XV6 inode structure:

// On-disk inode structure
struct dinode {
  short type;           // File type
  short major;          // Major device number (T_DEV only)
  short minor;          // Minor device number (T_DEV only)
  short nlink;          // Number of links to inode in file system
  uint size;            // Size of file (bytes)
  uint addrs[NDIRECT+1];   // Data block addresses
};

Special files represent hardware:

  • Character special files
  • Block special files
  • Major and minor device numbers.
  • Accessed via device driver.

inode addrs: Take array [13]

  • First 12 are first 12 blocks of data file.
  • Block# or free. Block# is address on disk.
    • Int/bsize = block# then in%bsize = byte on block#.
  • 12th is single indirect block. Contains block nums of more data. Root of one-level tree.
  • 0-11 = direct blocks, 12 is single indirect block.

XV6 Directory Structure:

// Directory is a file containing a sequence of dirent structures.
#define DIRSIZ 14

struct dirent {
  ushort inum;
  char name[DIRSIZ];
};

Every directory entry is 16 bytes wide. (inode num (2B)+ name(14B))
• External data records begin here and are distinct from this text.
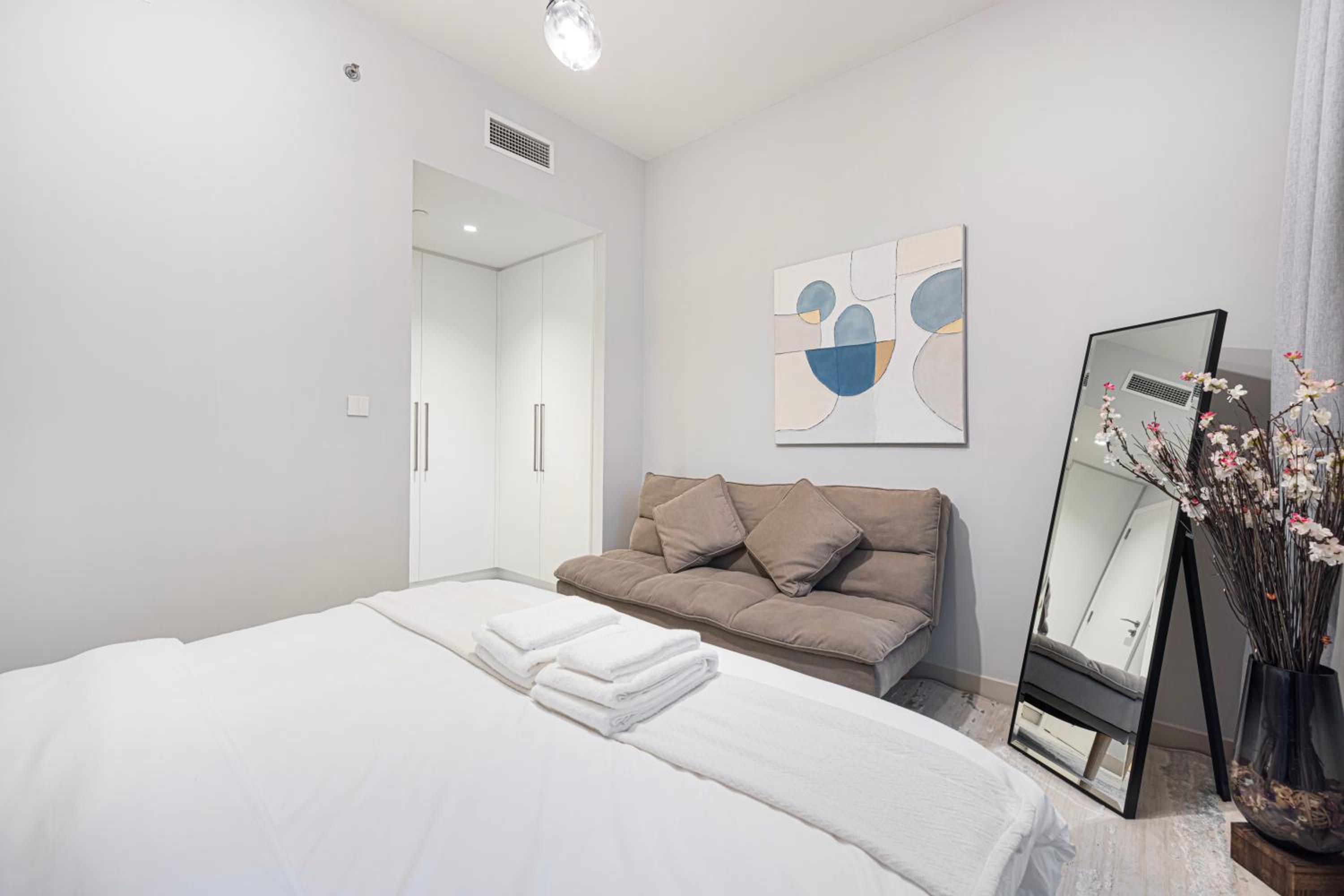 BURJ CROWN - Elegant & Spacious Two-Bedroom Apartment in Downtown Dubai, Just 10 Minutes' Walk from Dubai Mall & Dubai Fountains, Surrounded by Iconic Land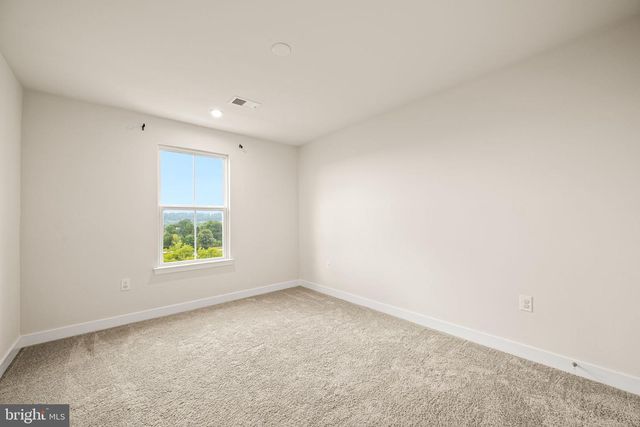 240 CHASE DR, Downingtown, PA 19335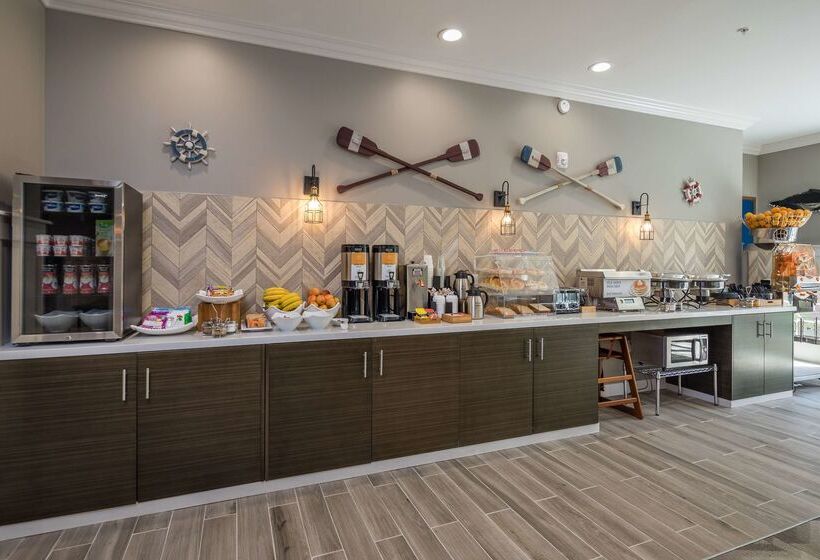 Aristocrat Hotel, Bw Signature Collection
Note the longest file name supported in xv6 is 14 chars.

A file is independent of the name it is referenced by.



11.22.21

P8

Tips:

include using ""

open(0) //gives fd

lseek(fd, offset, whence)

close(0)

Build a model of data in ram (several data structures that duplicate data on disk).
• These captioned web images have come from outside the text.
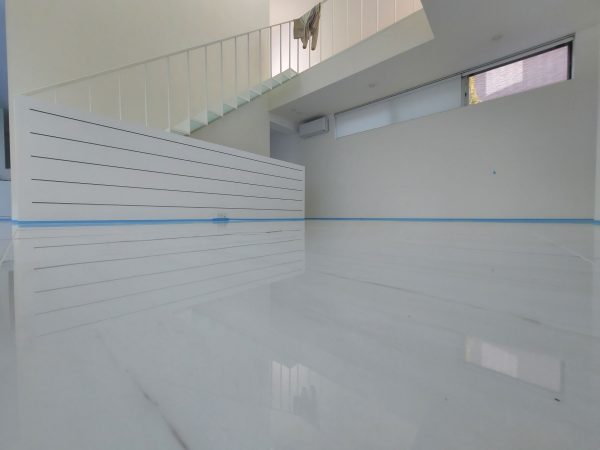 東京都世田谷区給田 フロアコーティング 施工前の様子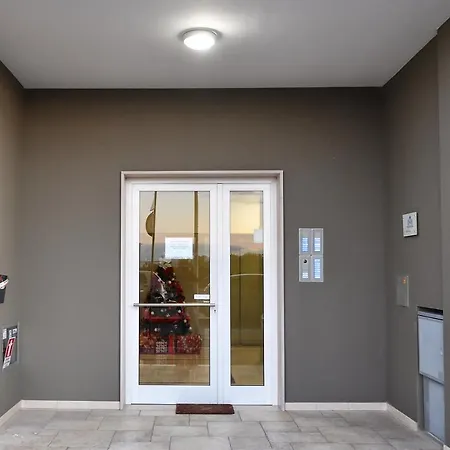 Karol Airport 3* Бари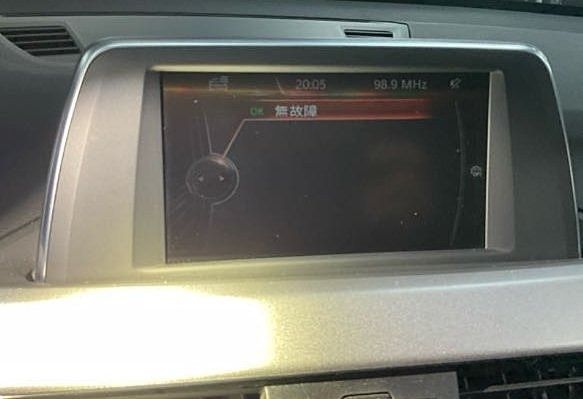 由 vivian19932004 (刊登 ID 1372504662，圖片 3) 提交，位於 新北市 (New Taipei) 的 2015 BMW X1sdrive18i 黑色 (類別：汽車出售)，說明：💥認證中古車 歡迎你來帶回家💥 💥車輛應有盡有 趕緊來搶便宜💥 ⚠️車商賣車 同行勿擾⚠️ 🔹廠牌型號: 2015 BMW X1sdrive18i 黑色 🔹行駛里程: 10萬 🔹引擎燃料: 汽油 🔹排氣量: 1.5L 🔹變速系統: 手自排 🔹驅動系統: 2WD 🔹車門: 5門5座 💎五大保證💎 💯里程保證 💯無營業車 💯無泡水車 💯無重大事故 💯車身引擎號碼無非法變造 💯非計程車 💎 安心保障💎 ✅ 第三方認證 & 專業鑑定 ✅ 無泡水、無重大事故、無營業車 ✅ 里程保證，原鈑件可認證 ✅ 車況透明，不符認證表全額退費 ◎歡迎私訊預約賞車◎ ⭐️謝絕車商 ⭐️周一至周日 早上10點到晚上18點 ⭐️不限地區，專人一對一服務 ⭐️賞車前請提前一個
Read in superblock into superblock struct,

struct SuperBlock sb;
lseek(fd, BISZE*1, seek_set); //Process return codes and do something!
read(fd, &sb, sizeof(sb))//Process return values.

malloc size for holding all inodes.

Record/create metadata about block n in data structure for block usage. (Helps with missing block)

Parent and current point to current if root directory.

33 items in directory, moving into another block.

Link count and number of files n should be the same.

Should be very specifc about error messages.

Metablocks = everything up to start of data.

Error should be:

Block: 65 is found more than once in the inodes:
2
3

Each image has a specific problem. Report on the first error and stop processing.

./pckfs -f

Bitbash helper functin that returns value (bool) of bit. So one can say get me the bitmap entry for block n. blocknum(which block), int/blocknum( which byte) int%blocknum(which bit).

May be a lot of type casting. void* is your friend, but there is no address arithmetic with void*.

Remember,if file name is 14 bytes - there will be no null terminator.